Main suggestion, beside the overriding recommendation of buying timeshares resale, is buy at a timeshare you actually like & where you can go by car (so you won't be stuck with the crapshoot of trying to exchange into somebody else's timeshare & you won't have to pay through the nose for plane tickets -- just for ga$oline). 

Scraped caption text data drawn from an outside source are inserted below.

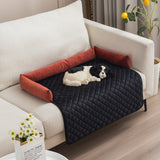 Dog lying on a black quilted pet bed with red pillows on a beige couch.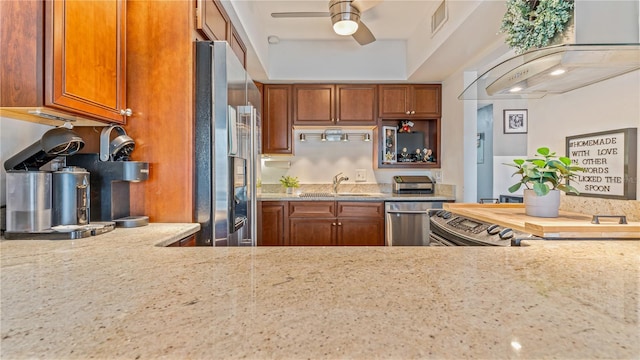 kitchen featuring stainless steel appliances, extractor fan, sink, light stone countertops, and ceiling fan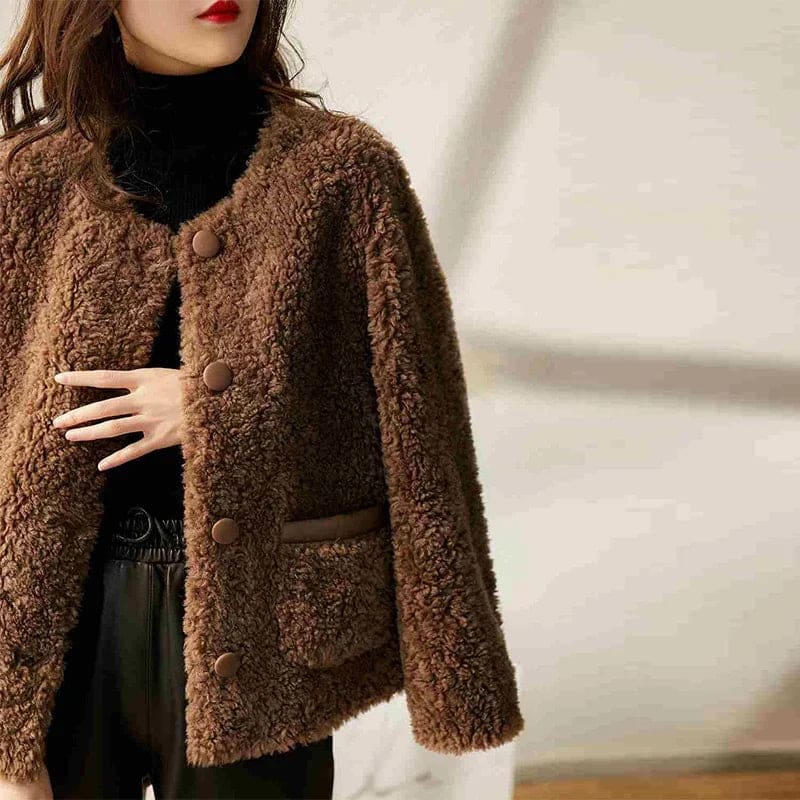 Woman wearing a textured button-front coat with a round neckline over a ribbed turtleneck and matching trousers in a neutral interior setting._9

Another suggestion is to try renting other people's timeshares direct from the owner(s), without even buying your own timeshare.  That's specially good when the owner pays way more in maintenance fees than his or her unit will rent for -- good for the renter, that is, not so good for the owner. 

Also, welcome to TUG. 

-- Alan Cole, McLean (Fairfax County), Virginia, USA.​


----------



## Passepartout (Mar 2, 2011)

Welcome! +1 for rescission! With kids the ages yours are, I will guess you are tied to the school schedule. This DOES make exchanging more difficult/costly-as points go. When researching what resale to buy, we like to suggest buying where you want to go at least 2/3 of the time. Don't buy to exchange.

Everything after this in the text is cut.